Conceitos “carcereiros” na teoria social (e política) do Brasil
Paulo Roberto de Almeida
Durante toda a sua história, o Brasil não conseguiu escapar de certas “prisões mentais” que dificultaram seu desenvolvimento inclusivo e homogêneo. Durante mais de três séculos, talvez quatro, não conseguimos escapar do escravismo efetivo, que significou o tráfico africano e o escravismo negro (que rapidamente superou o indígena, por ser mais produtivo e “expendável”); ele foi substituído pelo escravismo mental, que perdura até hoje.
Depois veio, a grande ideologia da industrialização nacionalista que contaminou todas as políticas públicas desde o final do século XIX até hoje, compreensível pela importância das revoluções industriais que transformaram o mundo, a partir do núcleo europeu ocidental, até hoje.
Nunca fizemos uma revolução educacional, isto é, ensino básico de qualidade para todos, até hoje.
Mais recentemente, alguns novos “conceitos carcereiros” vêm aprisionando nossas políticas públicas, inclusive no terreno diplomático (que é o meu universo de trabalho acadêmico e profissional), e que insistem em moldar a agenda da teoria social, inclusive no setor governamental: deixo de lado o ridiculo molde “decolonial” que, na área acadêmica, veio tomar o lugar da teoria da dependência, outra grande ilusão metofológica.
Na área diplomática, o BRICS e o tal de Sul Global (antes apenas Sul-Su) são os dois novos queridinhos de acadêmicos e dirigentes da nossa diplomacia, aprisionando qualquer nova reflexão sobre uma agenda própria de desenvolvimento econômico e social.
Por que o Brasil precisaria das muletas mentais (e práticas) do BRICS e do tal do Sul Global para poder se desenvolver de maneira uniforme e independente?

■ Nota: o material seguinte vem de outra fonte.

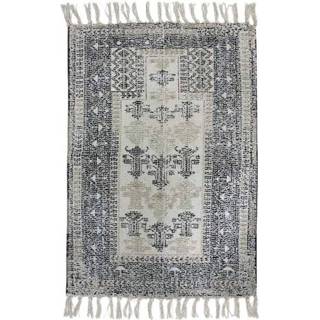 👉 Badmat zwart wit active geprint zwart/wit 60x90cm 8718921036993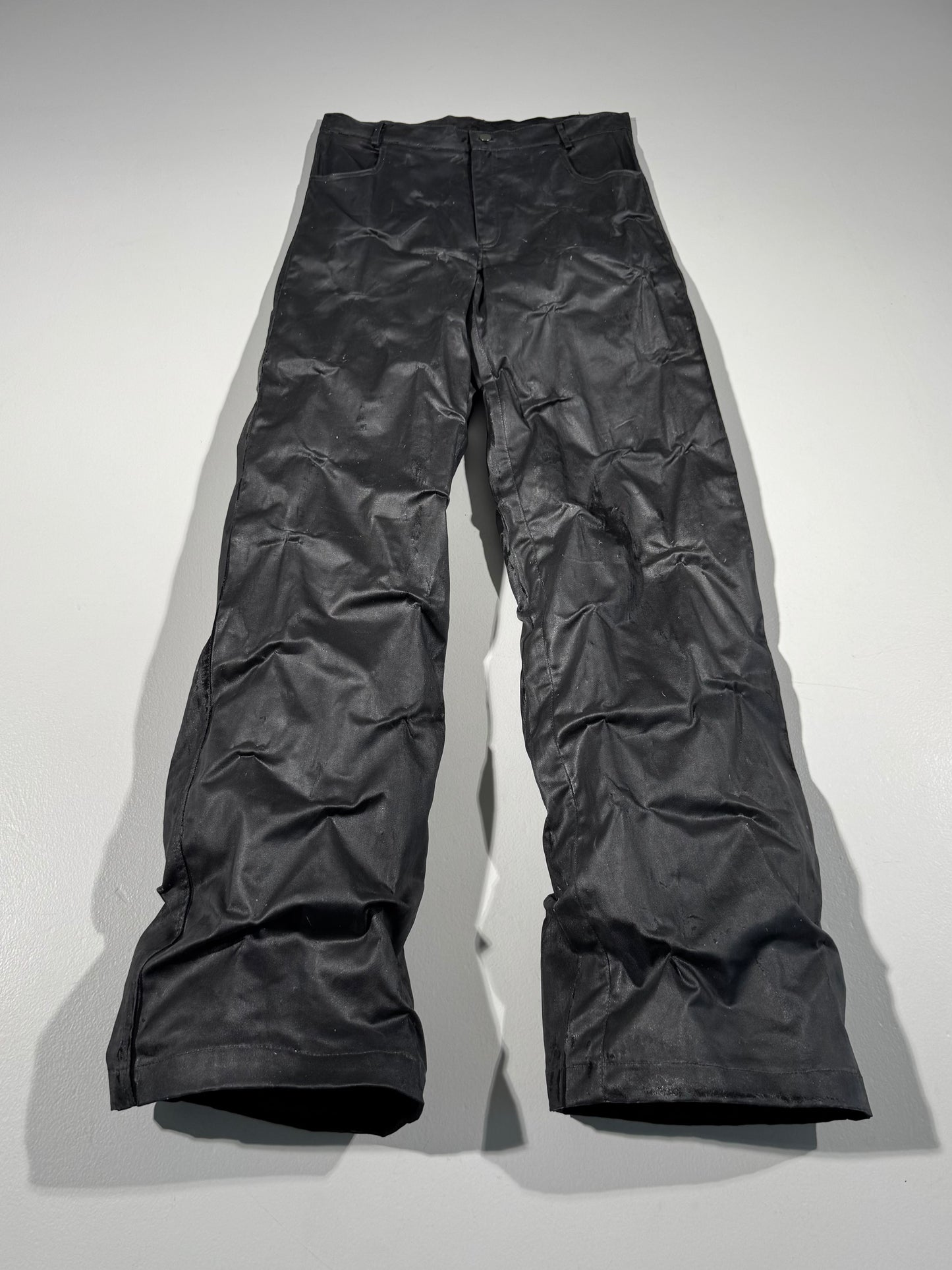 Waxed Baggy Pants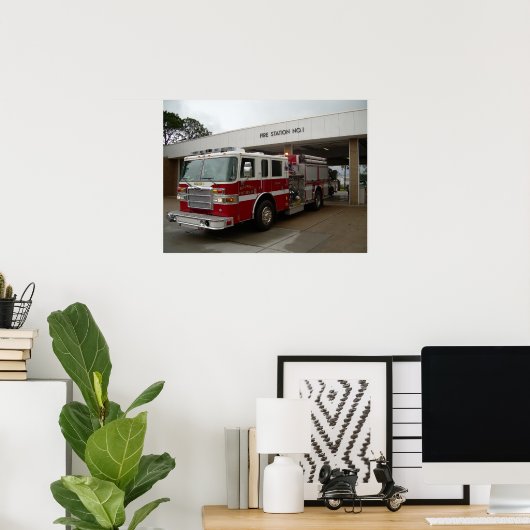 Poster Pompiers de Beaumont (Bureau à domicile)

O Mercosul anda em baixa atualmente, sendo que foi, durante três décadas, o principal projeto estratégico da diplomacia brasileira.
As elites econômicas e políticas ainda não perceberam que ambos conceitos nos prendem a modelos e caminhos de atuação interna e externa que limitam e constrangem nossa atuação independente num mundo dominado por impérios — o que nunca fomos, nem seremos, no futuro previsível — e povoado por Estados nacionais, que possuem independência relativa?

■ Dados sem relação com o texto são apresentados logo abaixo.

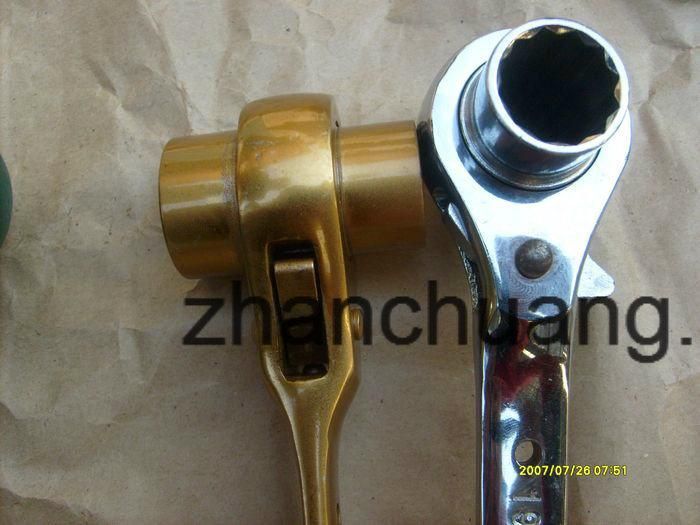 Chrome Plated Cr-V Steel Socket Ratchet Wrench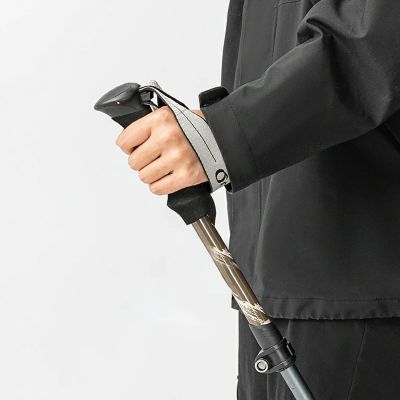 10. Qunature Nordic Walking Trekking Pole Aluminum 110 - 130 cm 1 pc. - Brown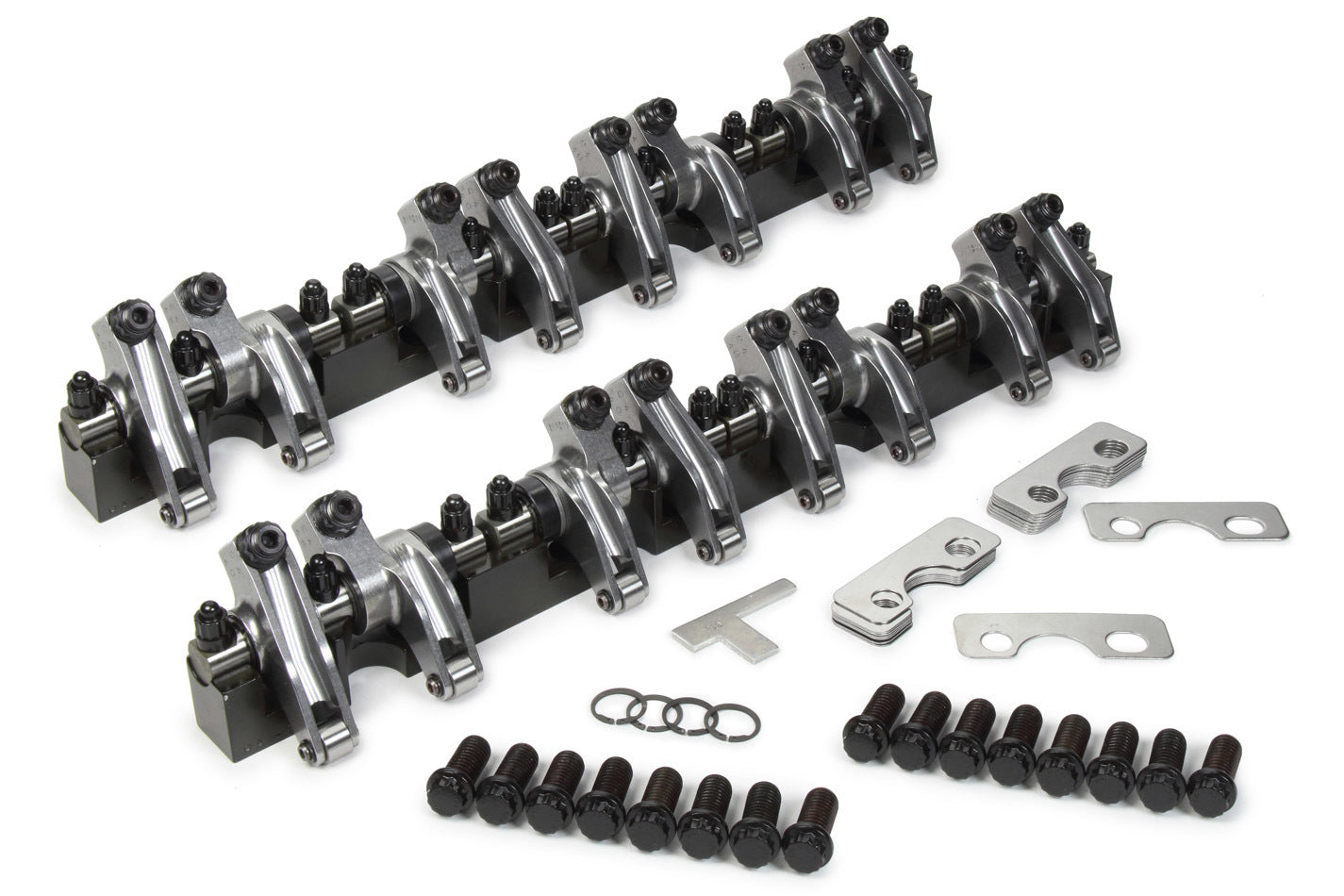 T and D Machine SBC Shaft Rocker Arm Kit w/Dart 13 degree Heads TDM2126S-165PLUS100/155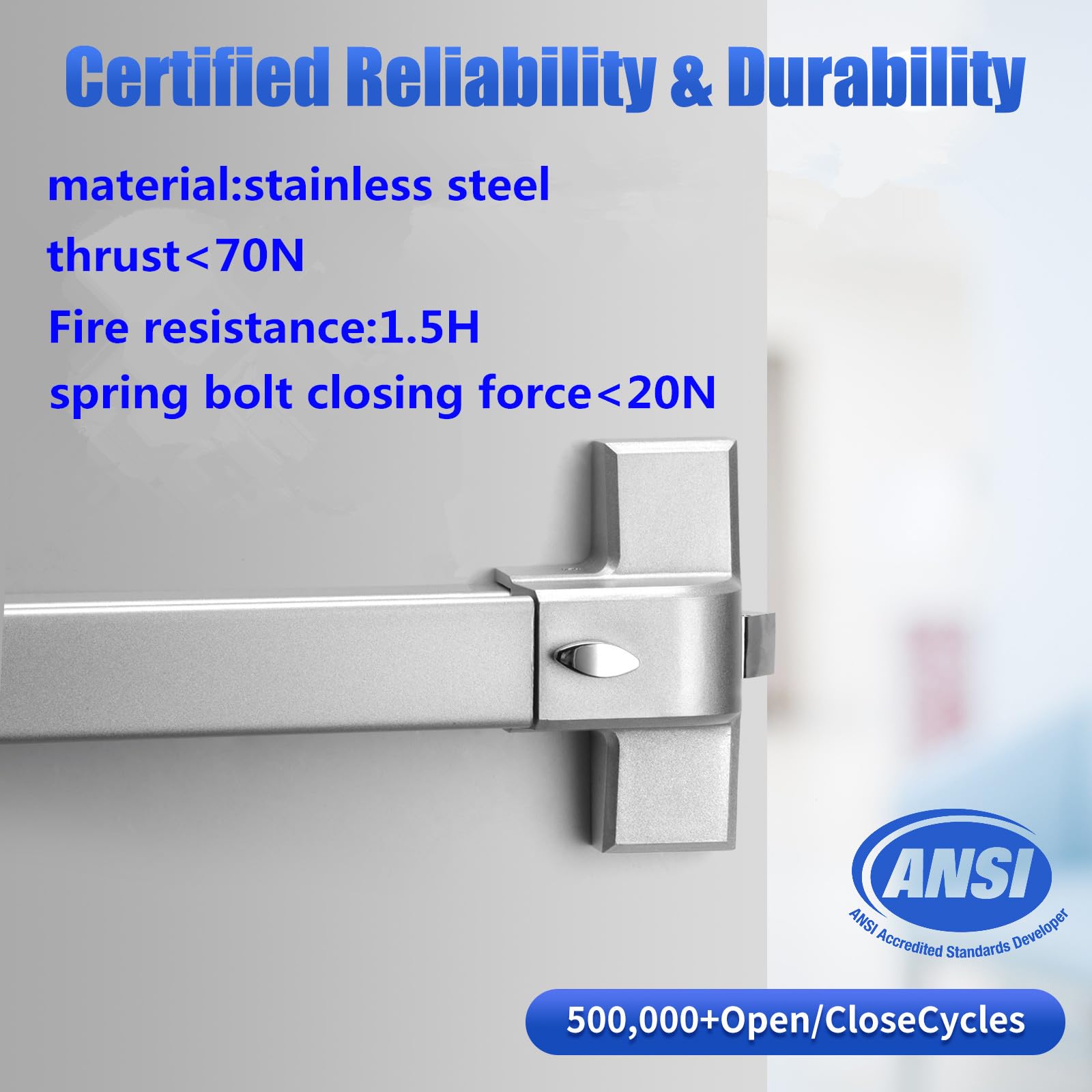 suermany 31-inch left-hand compatibility for versatile door mounting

Continuamos sem revolução educacional, mas sempre aderindo a modismos que nos aprisionam mentalmente, e que contaminam o discurso público, inclusive o diplomático.
Certas coisas demoram para passar: talvez o Brasil ainda não tenha crescido o suficiente. Como crianças pequenas, imitamos o que vem de fora e certas modas criadas por intelectuais. BRICS e Sul Global são apenas os exemplos mais recentes dessas prisões mentais, que têm incidência direta nas políticas públicas, inclusive as diplomáticas.